Cassie takes that in. “Do you think it was to do with everything that’s happened? Losing your whole family at the age of ten . . . that’s a mindfuck if ever there was one.”
Luna gives a small laugh. “Don’t I know it.”
“Do you think Ethan knows that’s why you rejected him?”
“I’m not honestly sure. He took it quite badly . . .”
Cassie gives a small smile and tilts her jaw. “Wounded pride, perhaps?”
“A lot of that. And I suppose he has his own issues.”
“Don’t we all?”
Luna bites her lip. “I think he’s worried that it’s him I was rejecting. Not marriage.”
Cassie leans forward. “But . . . have you told him you weren’t rejecting him?”
“Not in so many words.” Luna rubs her stomach and lays her head back on the sofa. “Maybe I should.” She smiles at Cassie. “Thanks.”
Cassie shrugs. “Every relationship comes with baggage. I fucked up my last relationship so badly that it’s made me an expert on communication.” She smiles. “Lucia and I see a counselor every year. We don’t have any serious problems, but I’m a prevention-instead-of-cure sort of person now.”
“What about your dad?” Luna asks. “Is he still on Lòn Haven?”
Cassie takes a swig from her bottle and wipes her lips on the back of her arm. “Fuck no. He moved us both to New Zealand not long after you left. When Rowan accused him of taking Saffy, I think it broke something in him. I don’t think he could ever face coming back.”

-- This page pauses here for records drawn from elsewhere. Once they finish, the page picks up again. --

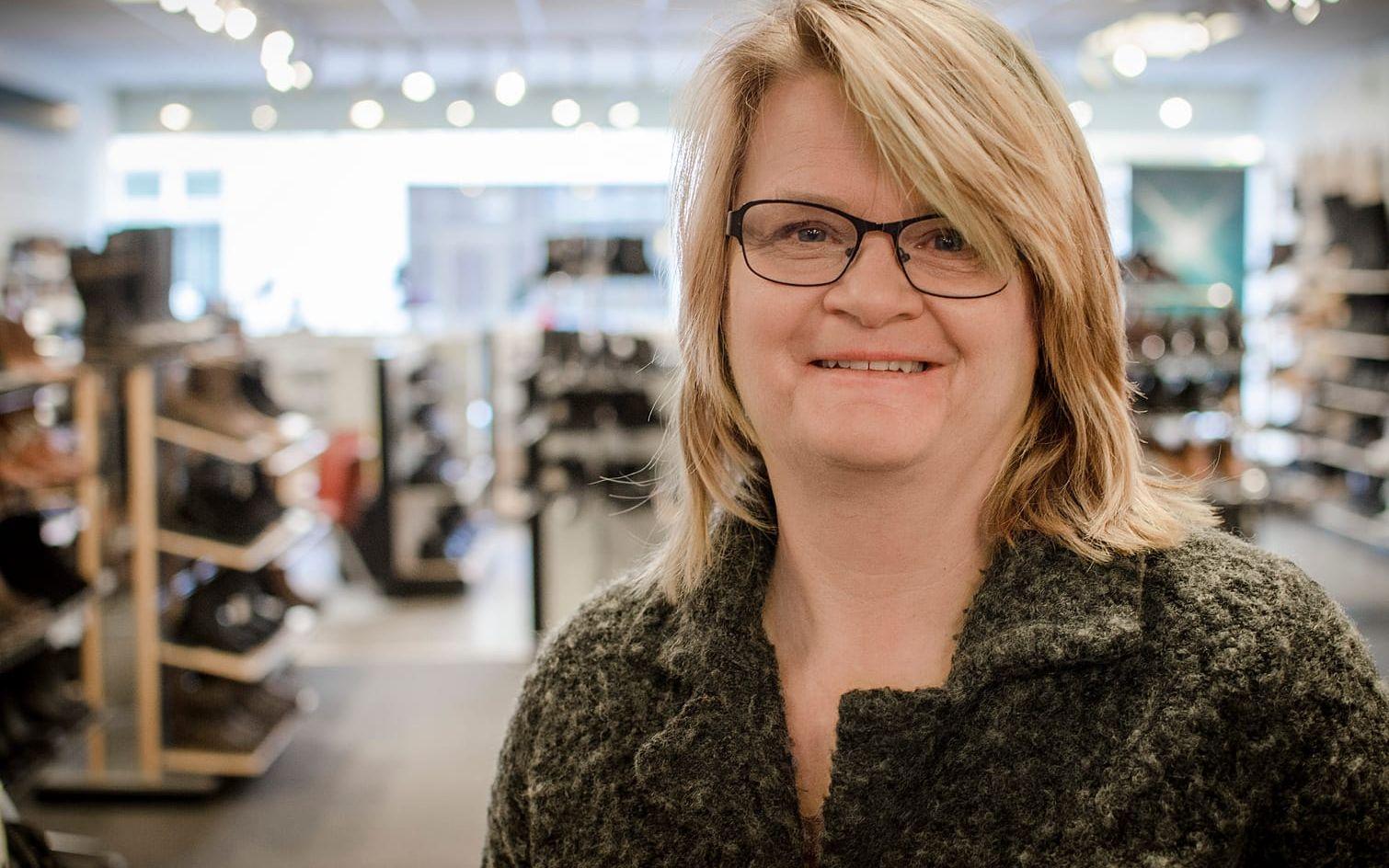 Anna Wallström på Nya Skor berättar att tanken och förhoppningen är att fler butiker ansluter sig.
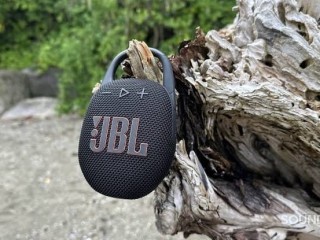 jbl-clip-5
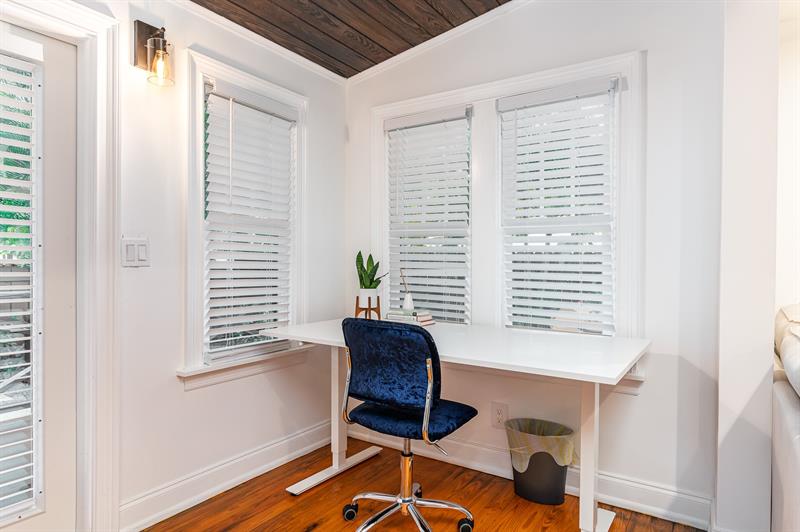 Image 11 of 21 For 713 17th Rd  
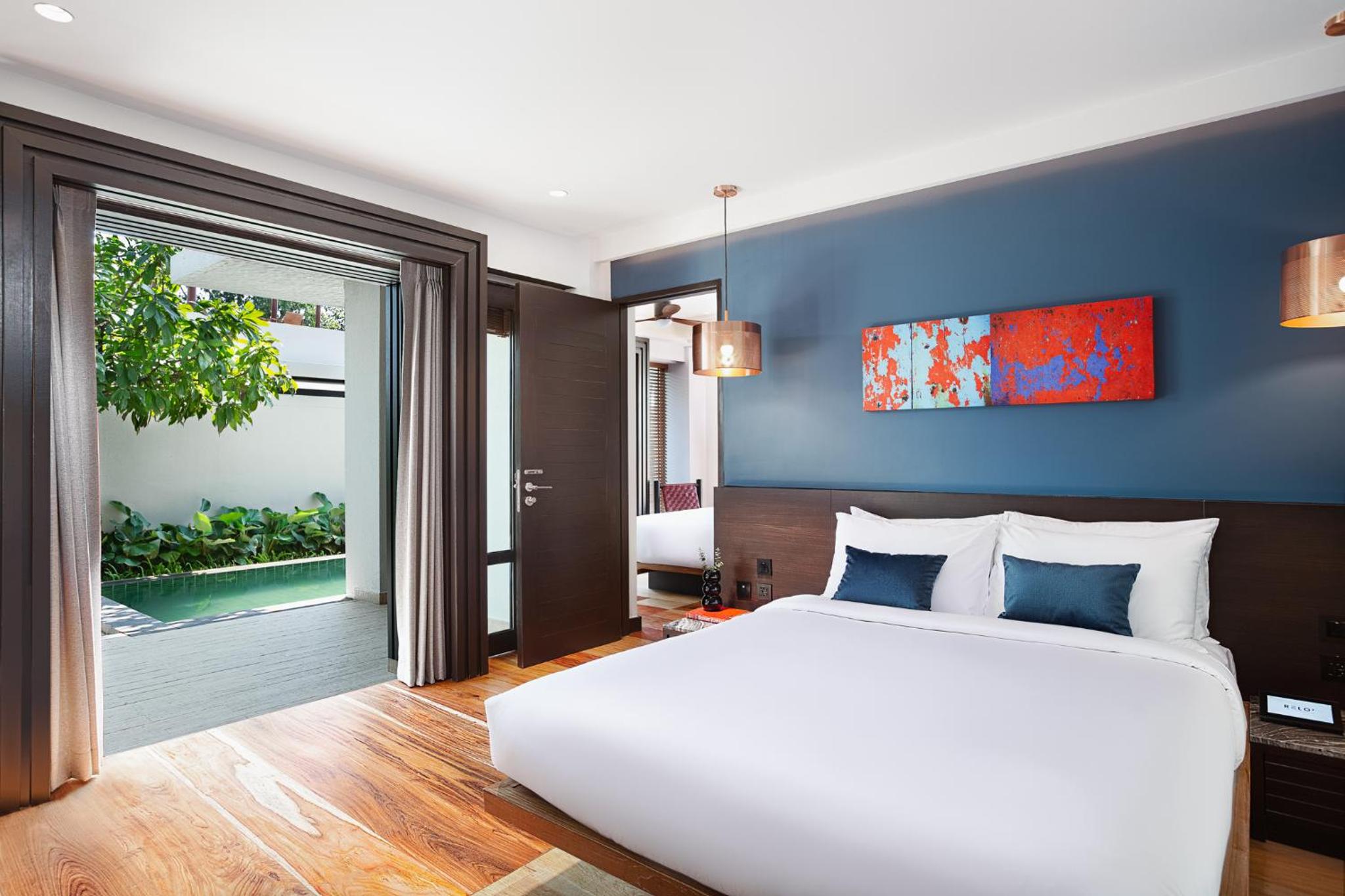 Pet Friendly Suite Villa - Private Pool - Photo 3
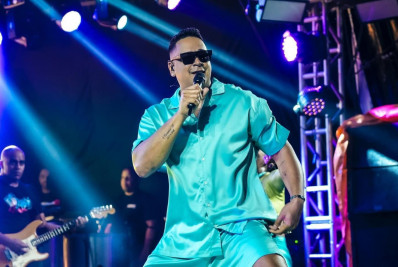 Final de semana com Xanddy Harmonia apresentando o melhor do axé 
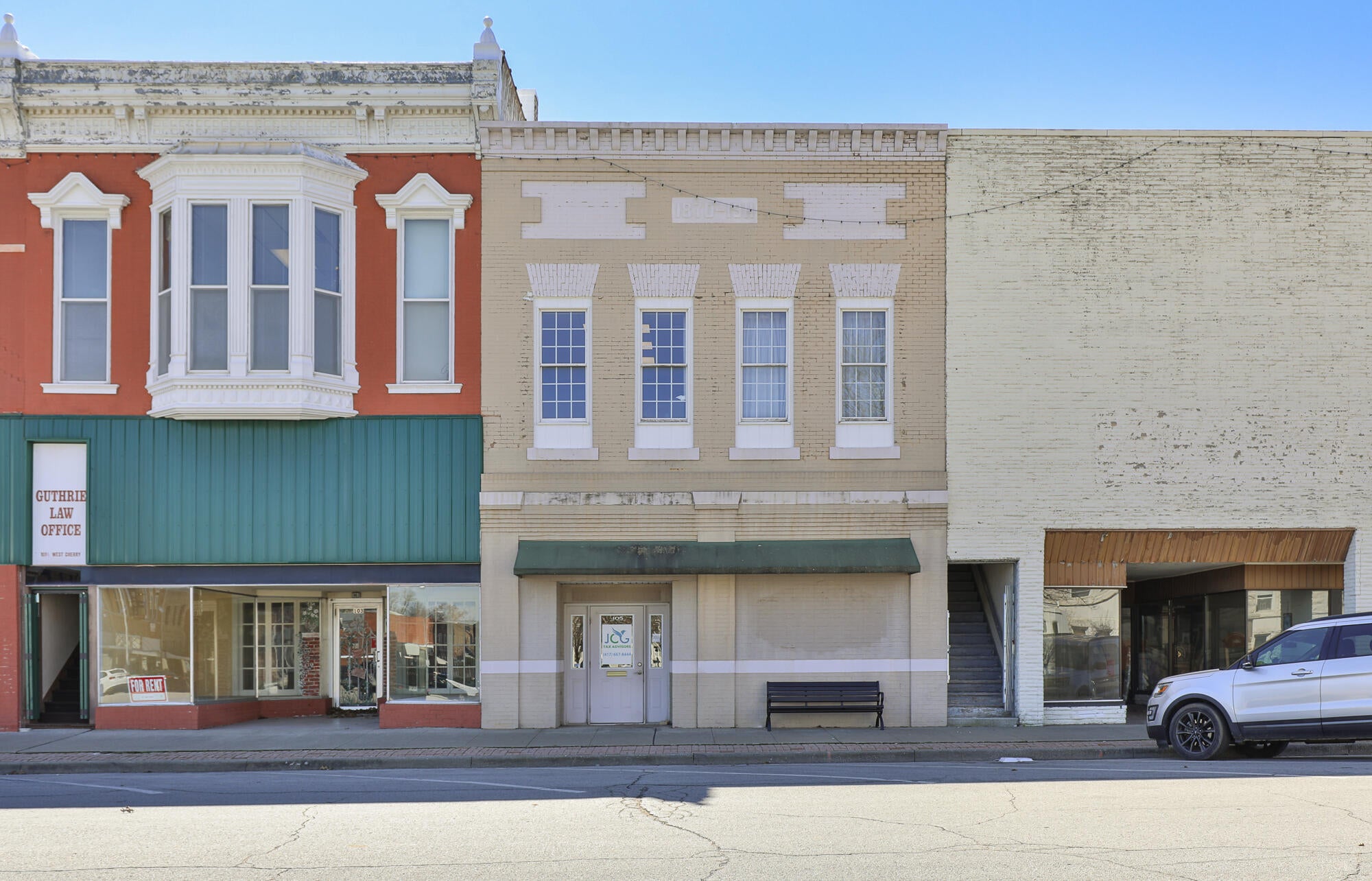 105 W Cherry Street — photo
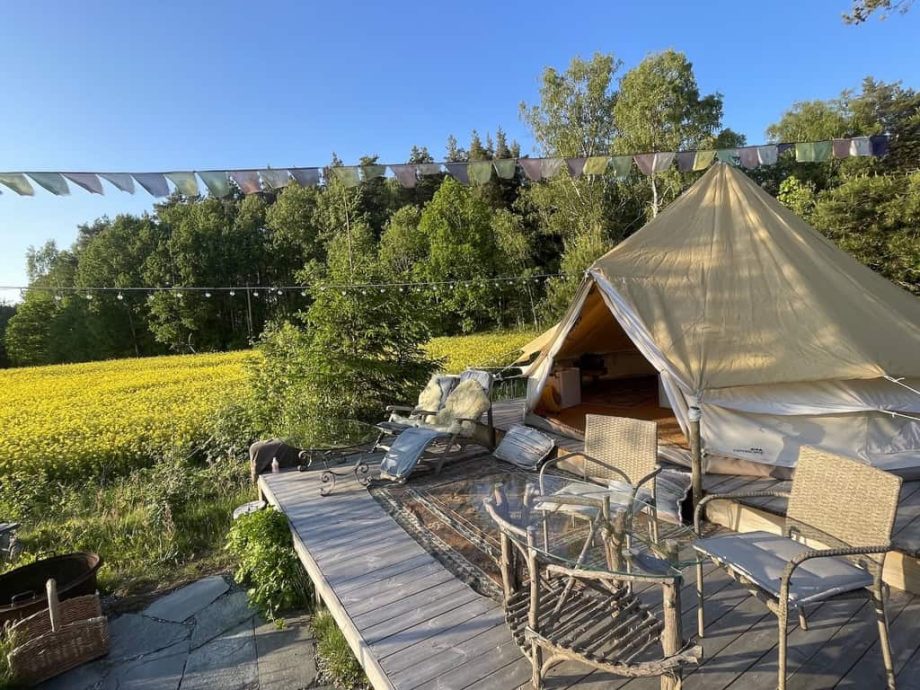 Glamping tent, granne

Luna tries to remember this. It’s a small detail buried inside other memories. “Rowan . . . she was Isla’s daughter. Wasn’t she?”
Cassie nods. “And the daughter of the chief inspector. Dodgy.” A muscle ripples in her jaw. “The accusation was false, of course. And there was only a slap on the wrist for little Rowan for slipping Polaroids of Saffy into my dad’s car.”
“Polaroids?”
“Nudes that Saffy had of herself. You never heard about this?”
“No. Who took the nudes?”
“Saffy did.”
Luna stares, processing this.
“Dad never said anything more about that time,” Cassie says. “God knows I tried to get him to open up but I think it was too painful for him. Some of his closest friends stopped speaking to him after it. Mud sticks, doesn’t it?”
“It does.” The mention of Isla’s name has flipped Luna’s stomach. She doesn’t want to ask, but she has to know. “What about Isla?” she asks. “And Rowan. Are they still on the island?”
Cassie shakes her head. “Rowan’s in Bali, apparently. Lives on some weird commune. I think it’s a cult, actually, by the sound of it. Isla’s in prison. She got handed twenty years a couple of years ago.”
Luna’s eyes widen. “She’s in prison?”
Cassie nods and grins, relishing the opportunity to share this with Luna. “It was a huge scandal, as you can imagine. Bram—you remember him? Had a heart attack on the job. They brought in a new chief inspector, young guy, not so tolerant of bullshit folklore and what have you. About a month later, someone writes anonymously to the police that Isla killed a child in the forest. They dug up human remains and Isla confessed to the whole thing.”
Luna shivers. She presses the bottle to her cheeks, her mood spiraling. She barely knows what to do with this information. Did Isla murder Saffy? Her mind races.